Write and solve a system of equations to determine the cost of one pecan pie and the cost of one apple pie.
Susan and Tony are selling pies for a school fundraiser. The choices are pecan pie or apple pie. Susan sold 13 pecan pies and 9 apple pies for a total of $173. Tony sold 6 pecan pies and 3 apple pies for a total of $66. Find the cost of each pie.
Let x be the cost of one pecan pie and y be the cost of one apple pie. We can write the system of equations as follows:
13x + 9y = 173 (Equation 1: Susan's sales)
6x + 3y = 66 (Equation 2: Tony's sales)
To solve the system of equations, we can use the method of substitution or elimination. In this case, we'll use the elimination method. First, let's multiply Equation 2 by 3 to make the coefficients of y the same in both equations:
18x + 9y = 198 (Equation 2 multiplied by 3)
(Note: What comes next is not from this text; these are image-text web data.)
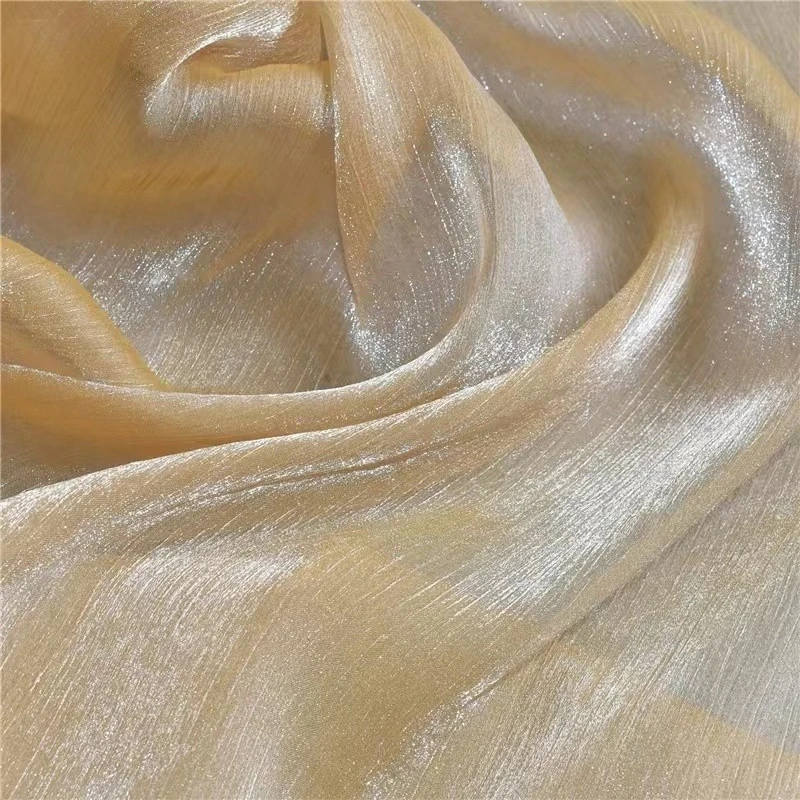 Caramel Color Ice Flower Crinkle Fabric Solid Sheer 3D Textured Wrinkle Organza Premium Material Graduation  Designer Apparel view 3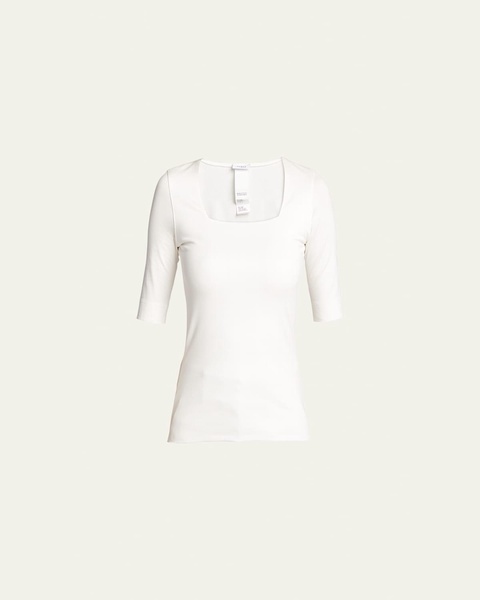 Cotton 1/2-Sleeve Square-Neck Tee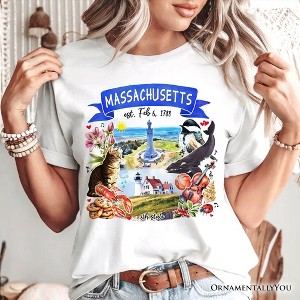 Artistic Massachusetts State Themes and Landmarks T-Shirt, Tee for History and Travel Lovers| OrnamentallyYou - 1 of 4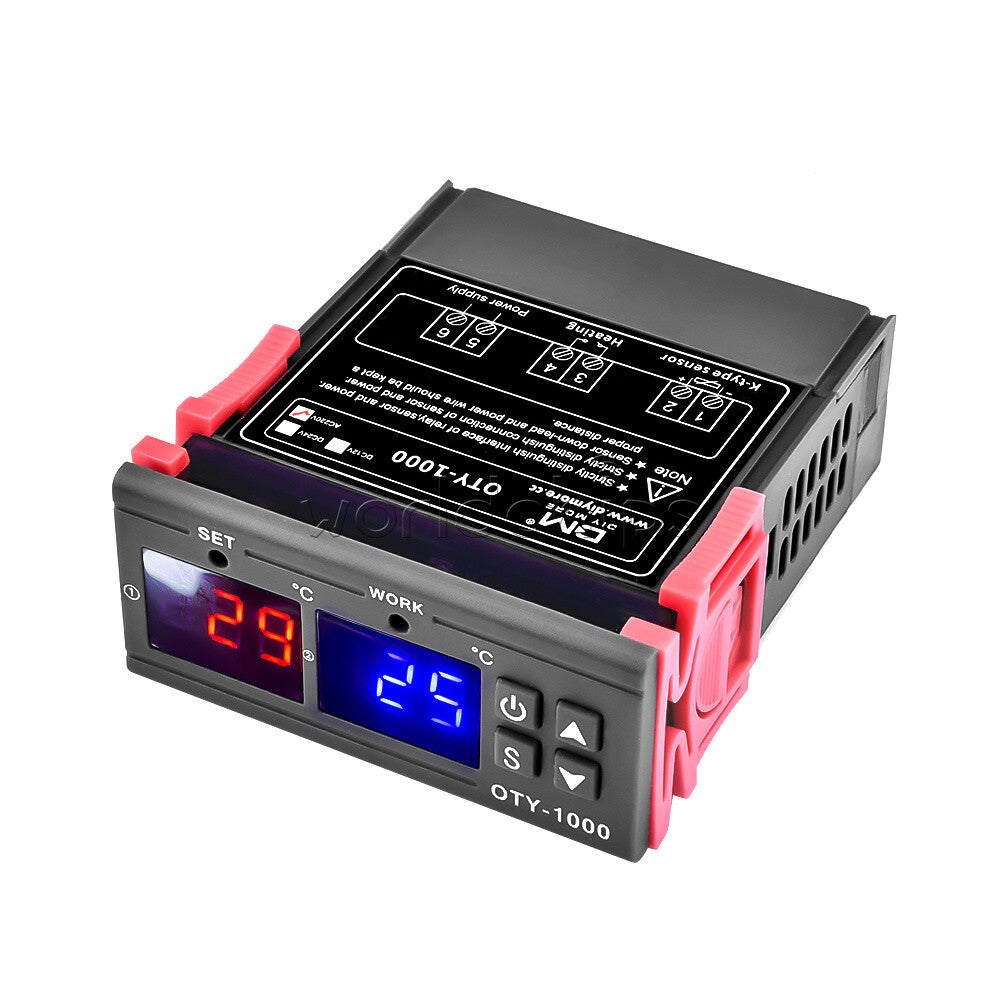 AC 220V Dual Display Digital Temperature Thermostat Controller 0~999℃ + K Senser
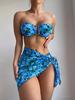 2024 Women 3 Pieces Suit Swimwear U-Shape Metal Floral Print Swimsuit Sexy Off Shoulder Bikini Set+Skirt Beachwear Bathing Suits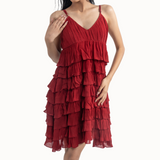 Scarlet Flamenco Ruffle Dress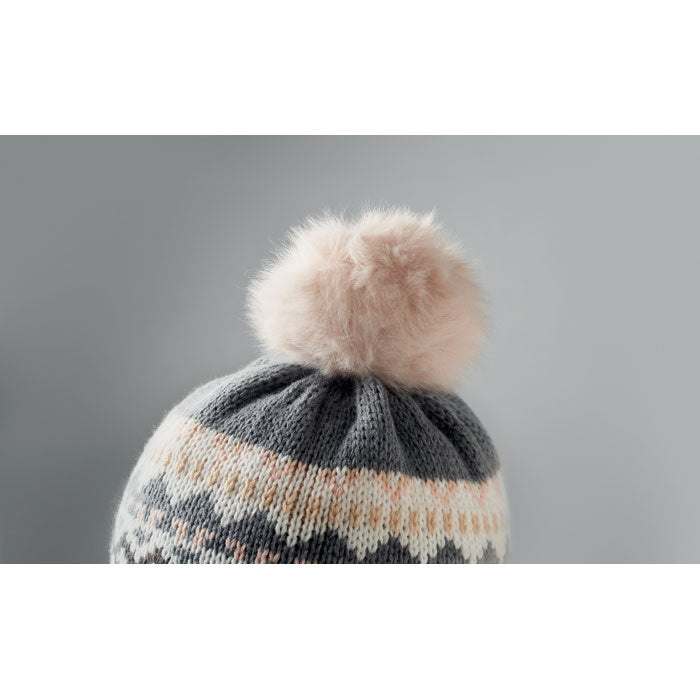Branded Knitted Beanie with Ear Flaps without branding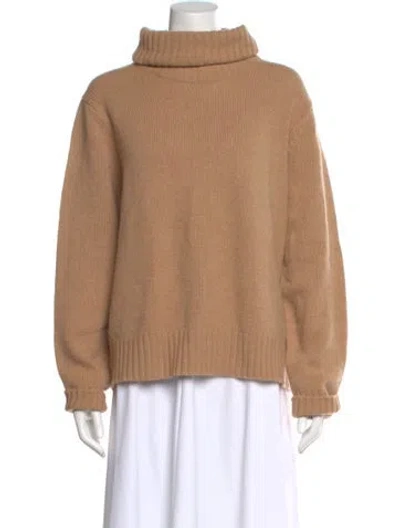 Pre-owned Polo Ralph Lauren Wool Turtleneck Sweater In Brown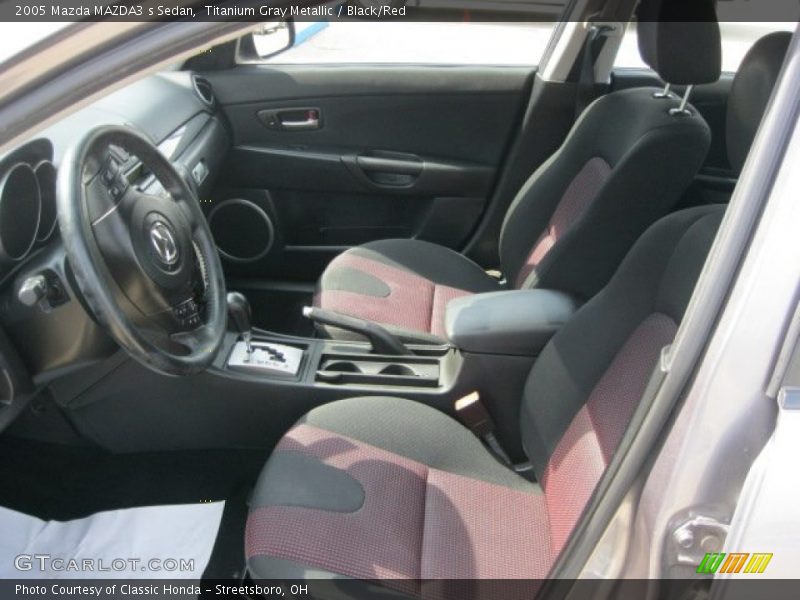 Titanium Gray Metallic / Black/Red 2005 Mazda MAZDA3 s Sedan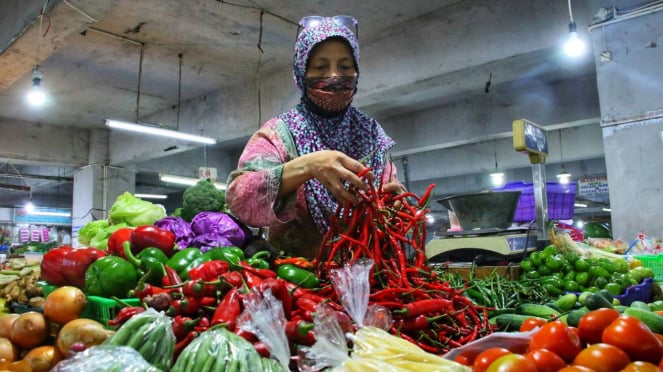 Pedagang di pasar tradisional. (ilustrasi)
Now, subtract Equation 1 from the new Equation 2:
18x + 9y - (13x + 9y) = 198 - 173
5x = 25
x = 5
Now that we have the value of x, we can plug it back into either Equation 1 or Equation 2 to solve for y. We'll use Equation 1:
13(5) + 9y = 173
65 + 9y = 173
9y = 108
y = 12
So, the cost of one pecan pie (x) is $5 and the cost of one apple pie (y) is $12.